By: Nadav Heller  | 

My Watercolor God

When I was in kindergarten, our teacher, Morah Rachel, read an illustrated account of Bereishit to the class. The book’s glossy cover featured a benign old man with a poofy white beard painted in warm, cozy, outside-the-lines watercolor. His arms were spread wide to invite me into his home or firmly envelop my little body in a hug. This man, of course, was God. That image stuck with me for years. When I aced a hard test, I thanked my watercolor God. When I prayed extra hard to win my seventh grade davening raffle, I prayed to my watercolor God. When I didn’t win that raffle (I never did) I found space in my heart to forgive him, and I knew he forgave me when I needed it.

As I got older, I began to scrutinize that God.
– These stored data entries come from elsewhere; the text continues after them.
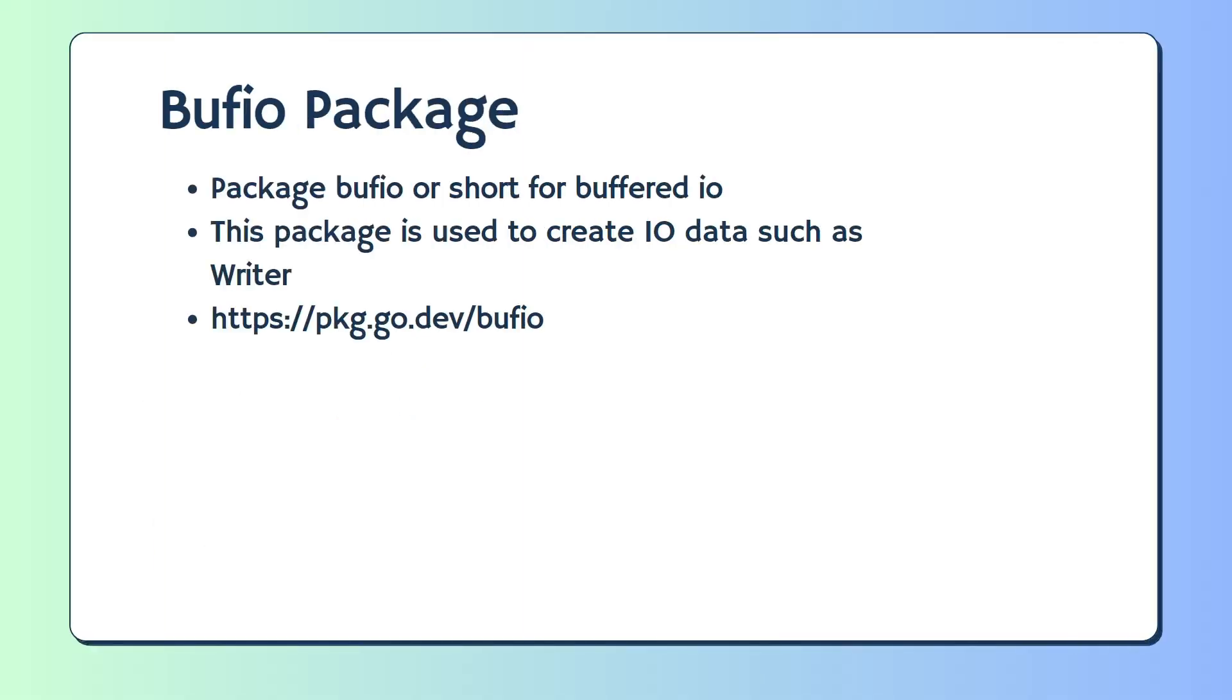Bufio package. Package Bufio or short for buffered IO. This package is used to create IO data such as reader and writer.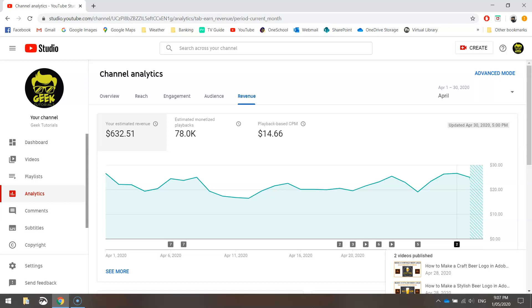So things like how long people watch your videos for, how many ads you're displaying on your video, what type of ads are being displayed on your video. Those kind of things get thrown into the mix when YouTube determines how much money you're going to earn from your videos. So each creator will have a different figure. So take the information I give you today as a rough guide.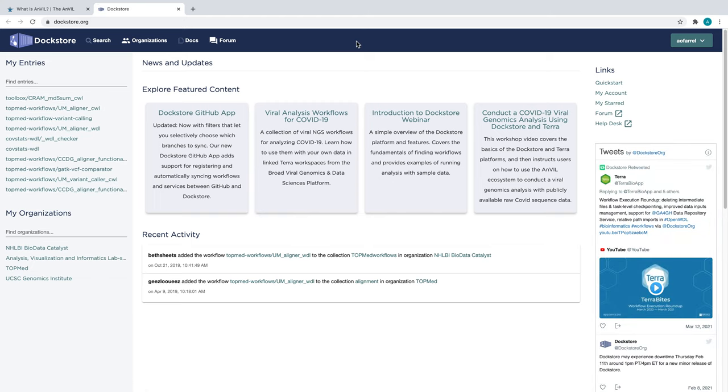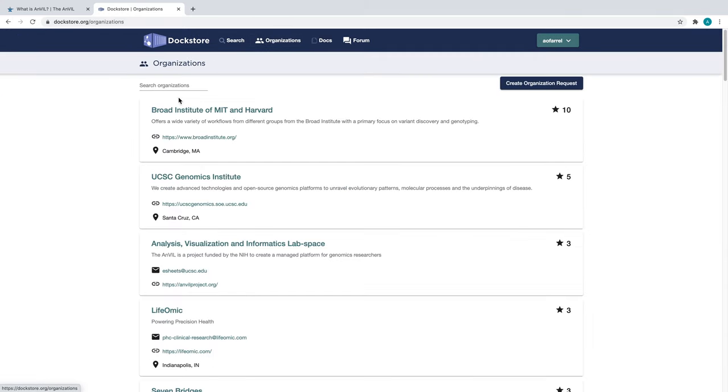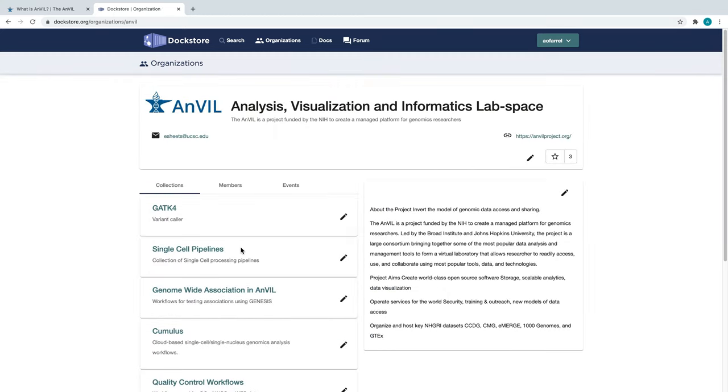Now, we have arrived at DocStore, the home of hundreds of workflows. But today, we'll be focusing only on workflows shared in the Organizations and Collections feature on DocStore. Anvil has an organization on DocStore that contains several different collections for different analyses. These collections all contain workflows written in the Workflow Description language, also known as WDL, which is compatible with the Terra compute environment.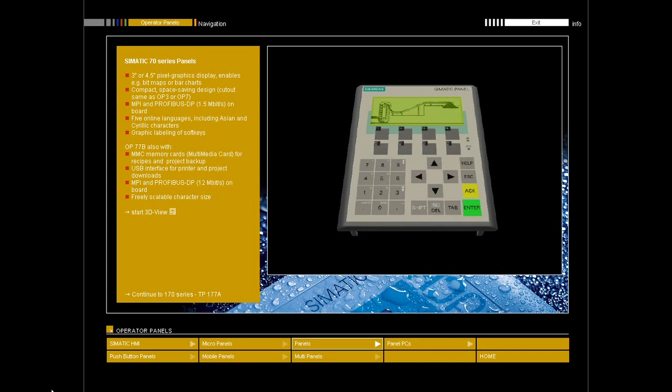Graphics rather than text can also be used to label the function keys. OP73 and OP77A can be connected to any Simatic S7 programmable controller. The OP77B also provides drivers for a variety of controllers. The required interfaces are included.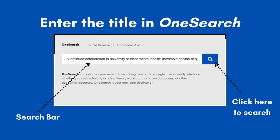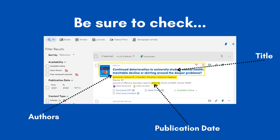When you're ready, click the magnifying glass to search. You should see the title of the article in the results list. For this example, it is the first one listed.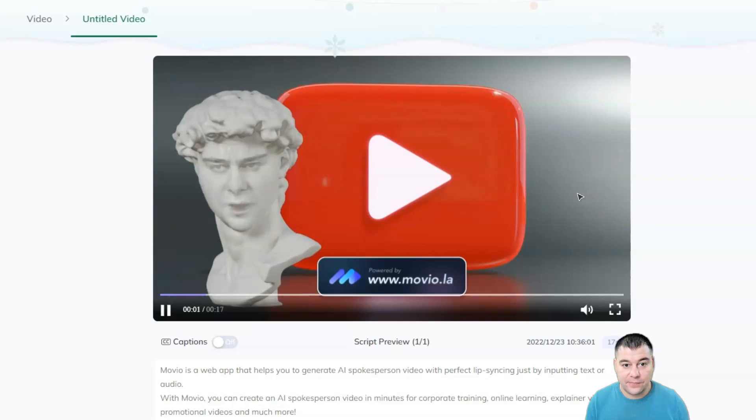Movio is a web app that helps you to generate AI spokesperson video with perfect lip-syncing just by inputting text or audio.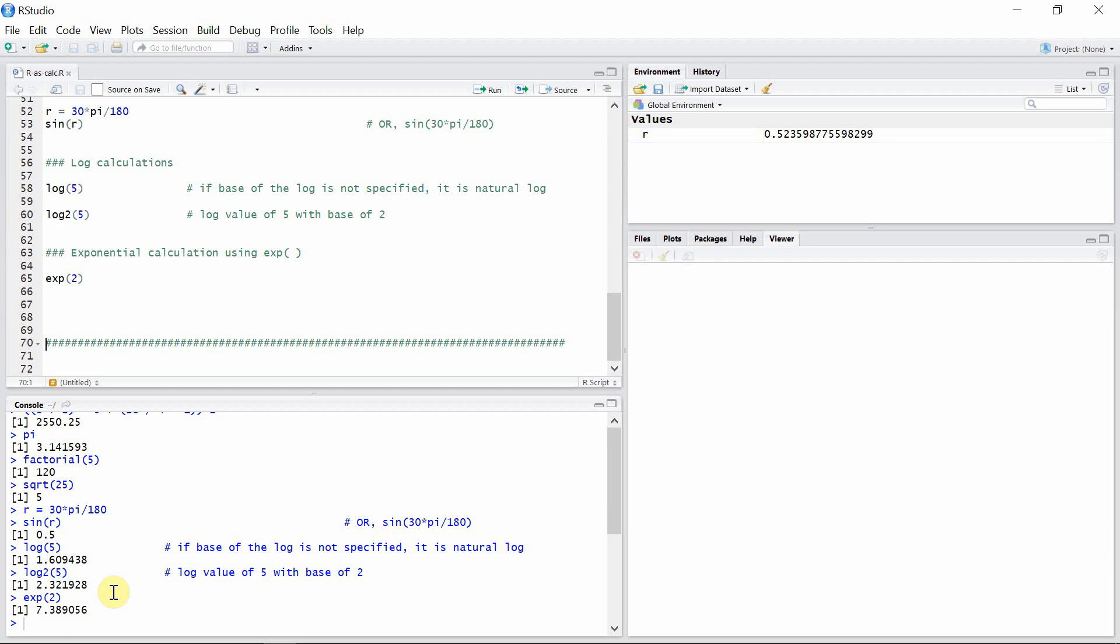So that's all. In this tutorial we used R as a calculator. I hope you guys enjoyed this video and I cannot wait to see you guys in the next video.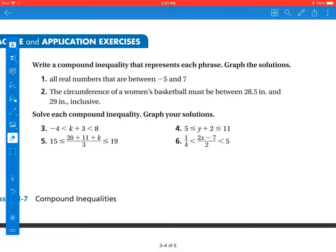Hello, welcome back to this episode of Mathematics. We're going to talk about some practice problems, and in this one it wants us to write a compound inequality that represents each phrase and graph the solution.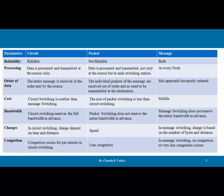In terms of cost: circuit switching is costlier than message switching and packet switching. The cost of packet switching is less than circuit switching. Message switching is in the middle between both. Bandwidth: circuit switching reserves the full bandwidth in advance because setup is required. Packet switching does not reserve the entire bandwidth in advance. Message switching also does not reserve the entire bandwidth in advance.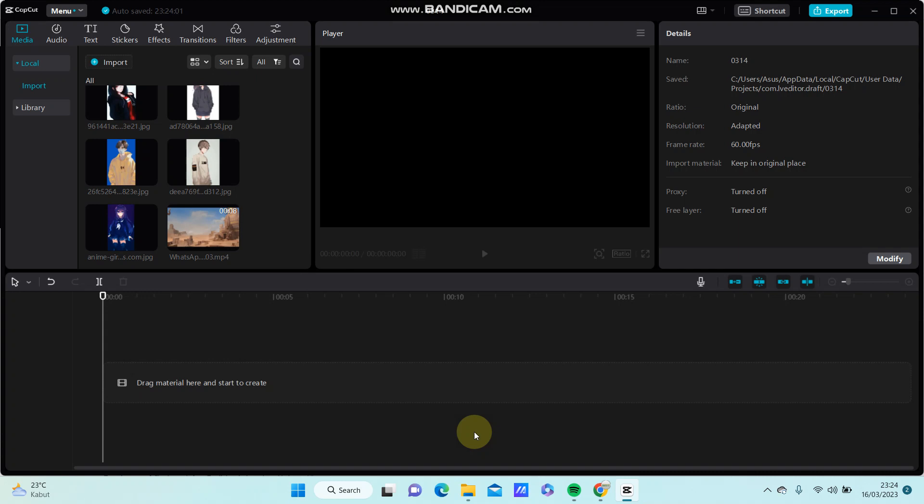Hello everyone, in this video I'm going to show you how you can add the motion blur effect on CapCut.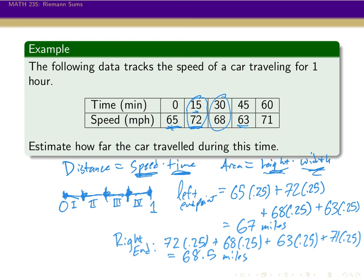You can see these two estimates are really rather close together: 67 miles and 68.5 miles. So I think we can be pretty confident that, as long as these speeds are pretty typical of how the car was traveling, it went about 68 or so miles in that hour. Thank you for watching. I will see you again soon.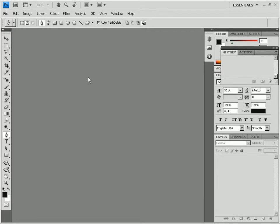Scratch effect. In this video tutorial you will learn to create a scratch on a face.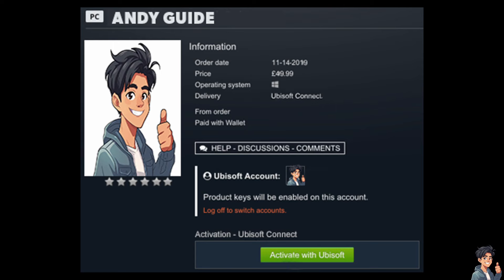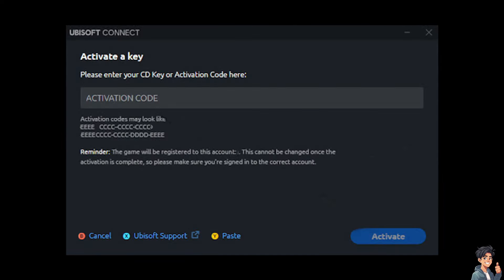Now basically what will happen is you will be able to see an option that says activate with Ubisoft if you click on the manage option on your game within the Steam platform. From here, you should see something similar like this, and of course you need to copy that activation code.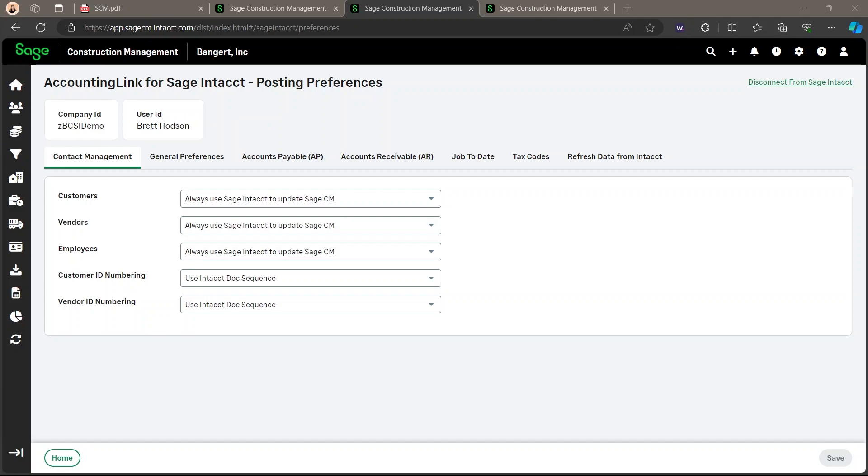Now when sending a project, the begin date to Sage Intacct, the earliest date available is selected and Intacct expects the project contract date to be after the project begin date, which is considered as the date that the project has been added into Intacct.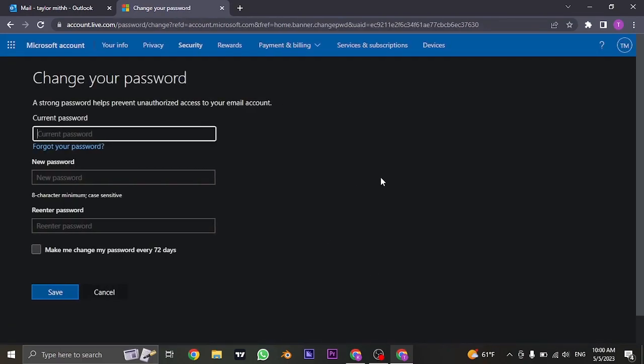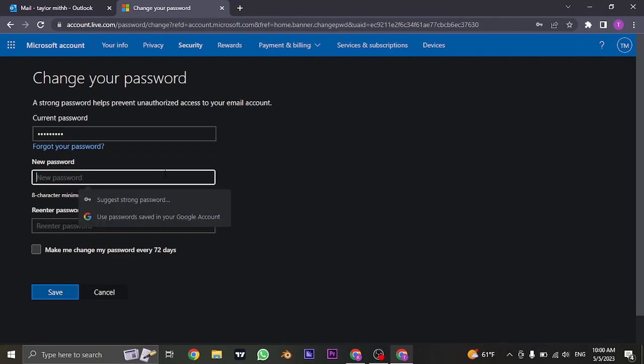In the next section, you'll need to first type in the current password of your Outlook in order to change. Once you type in your current password, now you can create a new password.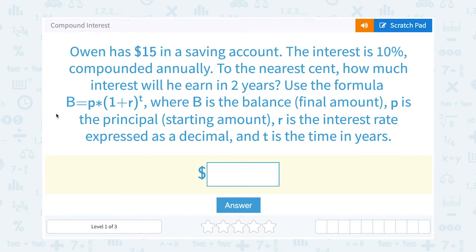Let's take a look at compound interest. Owen has $15 in a savings account. The interest is 10% compounded annually. To the nearest cent, how much interest will he earn in two years?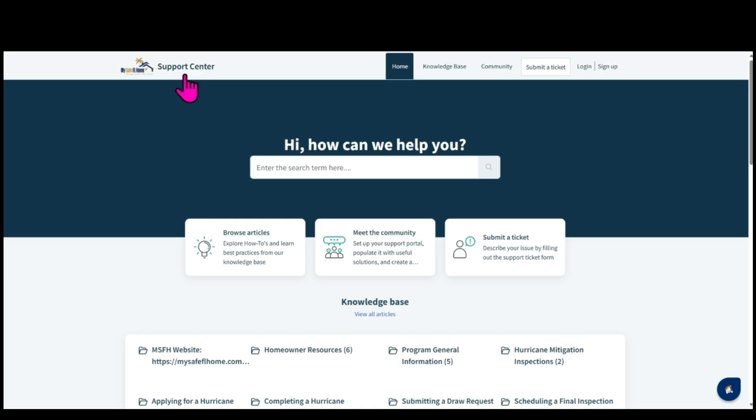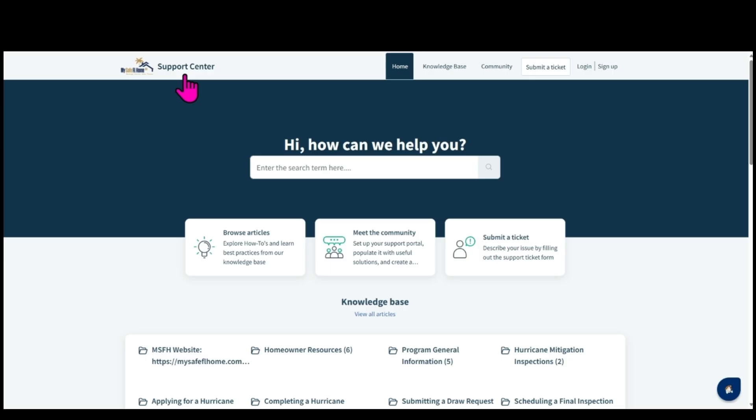To submit a ticket with your inquiry, you'll need to visit the My Safe Florida Home Support Center at https://support.mysafeflhome.com.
I mean, he was a fine God for a child, but he simply didn’t get the complex, totally unique angst of a fourteen year old. But even when we weren’t on speaking terms, the God I was mad at had the same docile smile, poofy beard, and blurry silhouette.

When I first studied Rambam, I became aware of the transcendent, apophatic God that he believed in. I was stunned. Nobody had ever told me that I wasn’t allowed to be friends with God. I felt betrayed! Who was the God I thought I knew? Despite my reservations, the Maimonidean God made sense to me — an all-powerful timeless creator just shouldn’t look like he was made in Clip Art.

And yet, to this day, no matter how much philosophy I read, in my heart of hearts I haven’t outgrown that cozy old watercolor God. I’ve matured and grown and developed complex theological positions — but when I really need to open my heart and pray, he’s still the God I turn to. When I’m up late at night asking myself ‘what does the Lord, your God, demand from you?’ I see him, magnanimous and familiar, in my mind’s eye.

What am I meant to do with that? Why hasn’t my emotional conception of God graduated kindergarten?

I often reflect on a parable that I first heard in the name of Rabbi Yaakov Kaminetzky. A young child had a “tzitzis party” and received his first pair of tzitzit (ritual fringes), most probably decorated with an acrylic choo-choo train or a garish Elmo print. On a young child, this is very endearing. We get to watch their introduction to a new chapter of observance in a way that speaks to them. It is no longer endearing, however, when he wears the same tiny choo-choo train tzitzit at 22 years old. His great-aunts nervously cluck at one another when he leaves the room, wondering why he hasn’t grown up yet. His ratty remnant no longer constitutes a garment appropriate for the mitzvah. It’s one thing for a child to have a watercolor God, and another thing entirely for an adult (nevermind a Jewish studies major at YU) to have one.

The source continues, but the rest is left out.